[Recorded data]
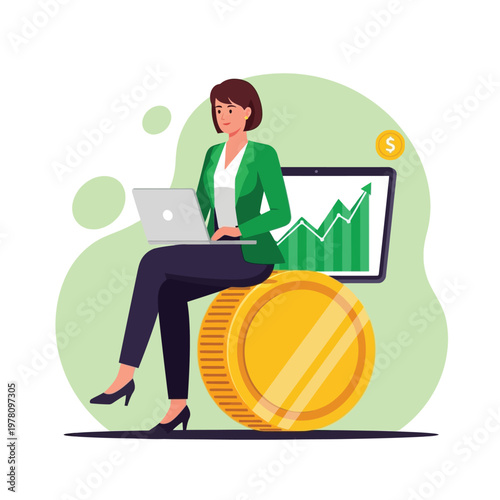 Financial growth concept illustration of a businesswoman with a laptop sitting on a large coin, beside a stock market graph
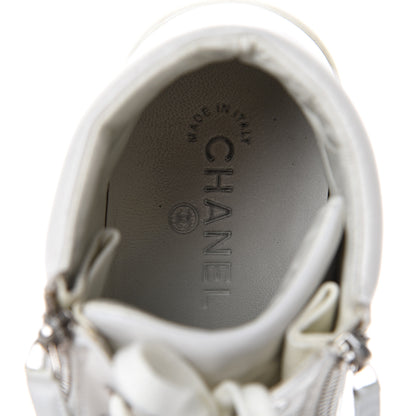 Chanel Calfskin Mens High Top CC Sneakers 43 White 8 of 14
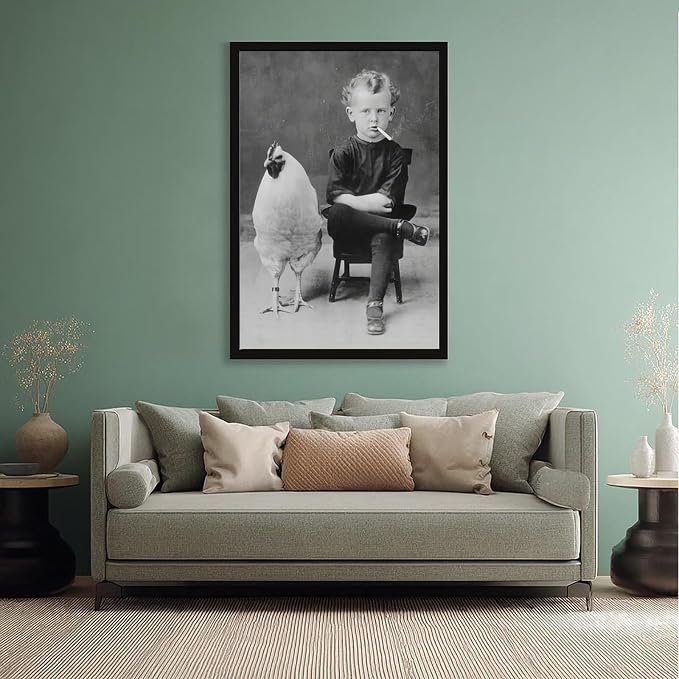 UXCBIA Smoking Boy And Chicken, Black And White, Vintage Oddities Poster Canvas Poster Bedroom Decor Sports Landscape Office Room Decor Gift Black Frame 24x36in(60x90cm) - Image 5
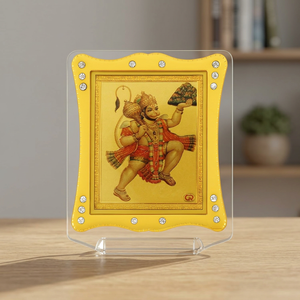 Cadre en acrylique doré avec figurine de Hanuman Ganpati, mini-Idole de Ganesh de 3 pouces pour tableau de bord de voiture, décoration intérieure, cadeau hindou, objet de présentation - Product Image 4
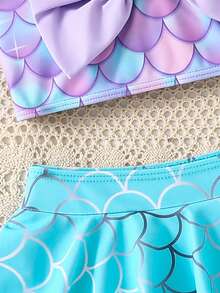 SHEIN 2pcs/Set Cute Mermaid Scale & Bow Decor Young Girl Swimsuit Set, Suitable For Beach Vacation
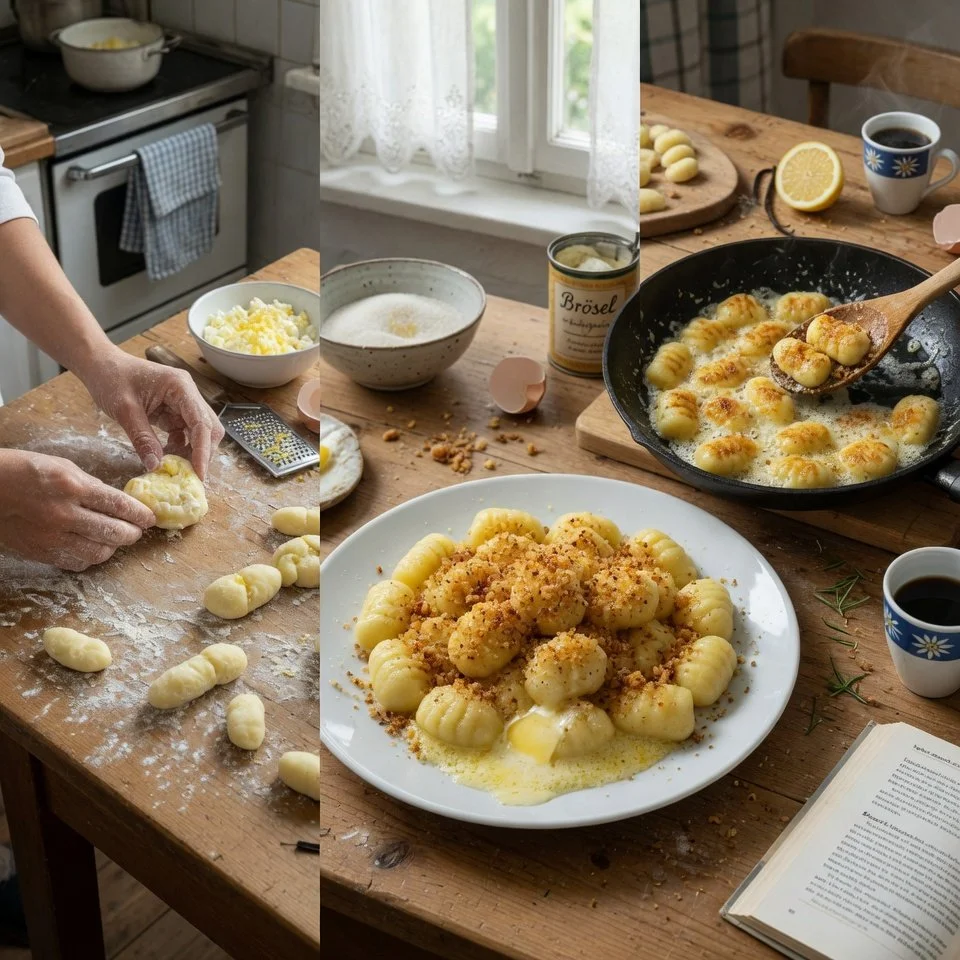Topfen-Gnocchi mit Butterbröseln auf einem weißen Teller serviert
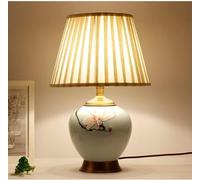 Genérico Lámpara de mesa cerámica moderna for lectura y escritura, lámpara escritorio romántica creativa for dormitorio, tela E27, interruptor botón,lámpara de araña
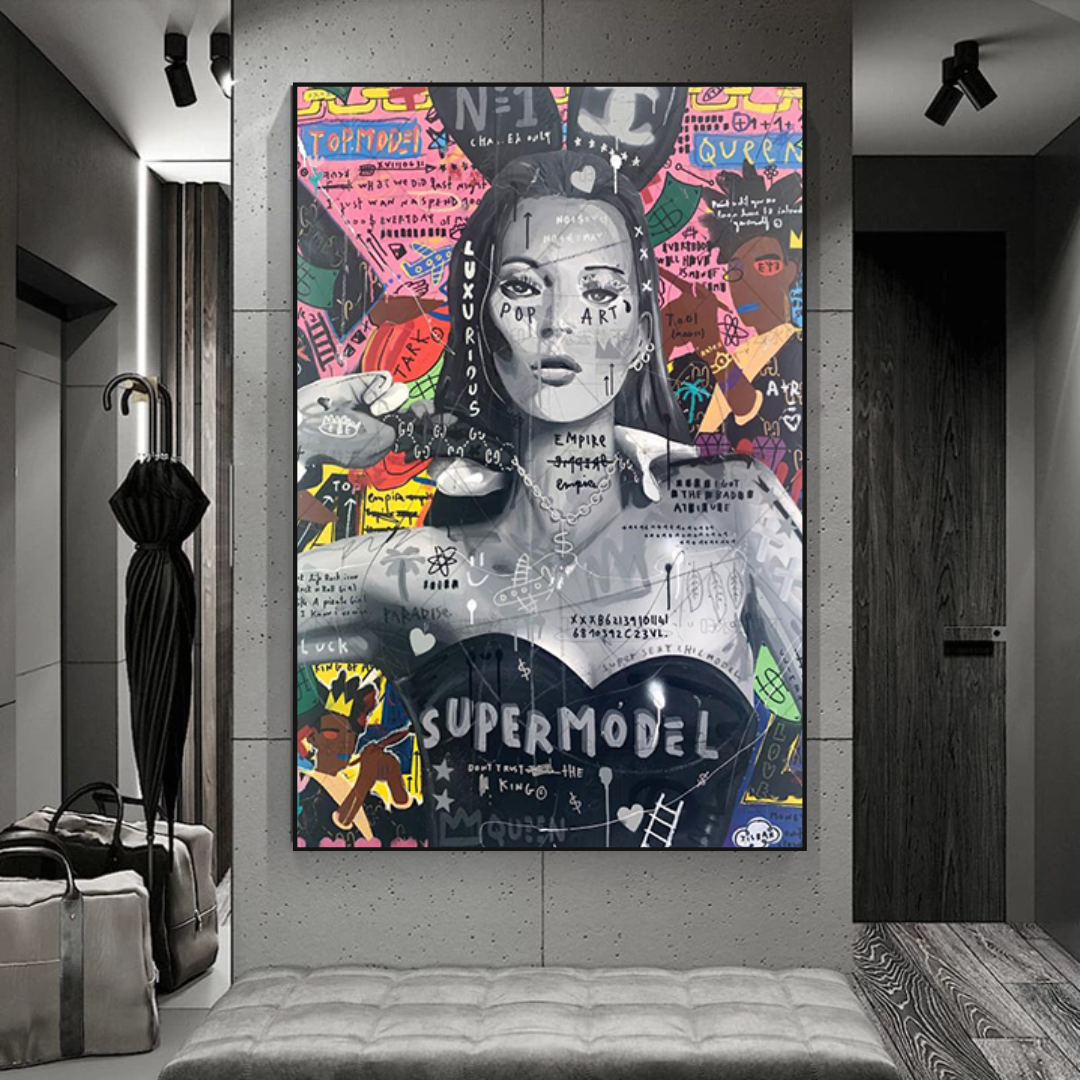 Banksy Kate Moss Graffiti Canvas Wall Art Print - Urban Street Art Decor for Living Room, Bedroom & Office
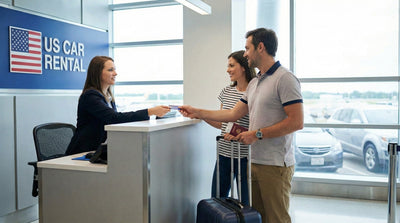 Traveler presenting an international credit card to a rental agent at a US car rental counter with luggage nearby.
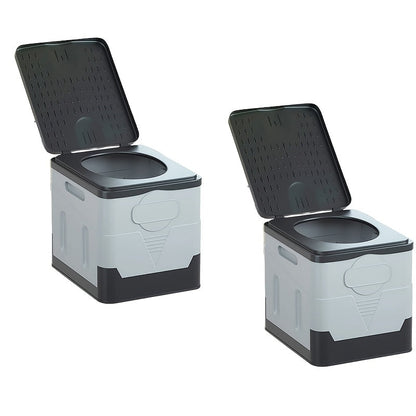 Foldable Camping Toilet Portable Porta Potty for Adults Kids with Lid Drain Hole Waterproof Thick PP Plastic Luggable Loo for Hiking Car Travel Outdoor Emergency Use Storage Box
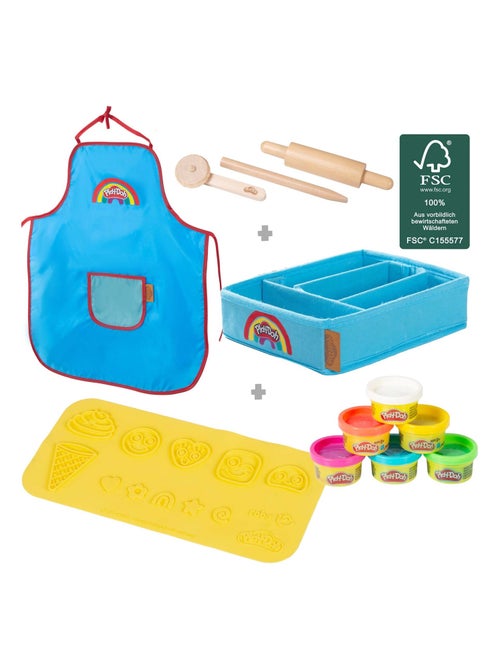 6 Boites de pâte à modeler + tablier + tapis et accessoires 'roba x Play-Doh' - Kiabi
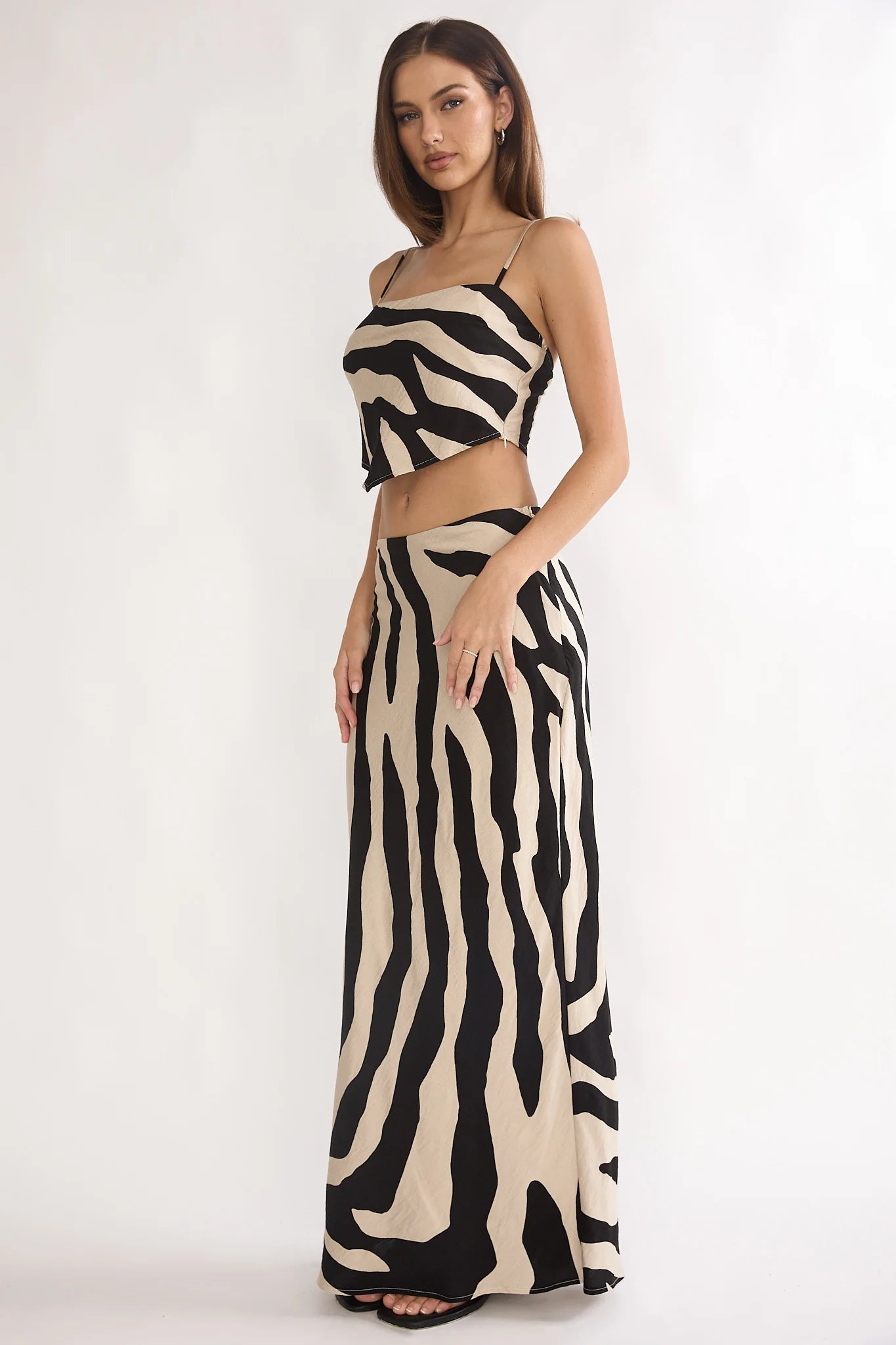 Blythe Maxi Skirt Zebra Black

§ **Exercise aim**
Every line above between the one containing "Cadre en acrylique" and the one containing "Topfen-Gnocchi mit Butterbröseln", those two included, is to be printed exactly. No pictures go into the copy.

§ **Solved exercise**
 Cadre en acrylique doré avec figurine de Hanuman Ganpati, mini-Idole de Ganesh de 3 pouces pour tableau de bord de voiture, décoration intérieure, cadeau hindou, objet de présentation - Product Image 4
 SHEIN 2pcs/Set Cute Mermaid Scale & Bow Decor Young Girl Swimsuit Set, Suitable For Beach Vacation
Topfen-Gnocchi mit Butterbröseln auf einem weißen Teller serviert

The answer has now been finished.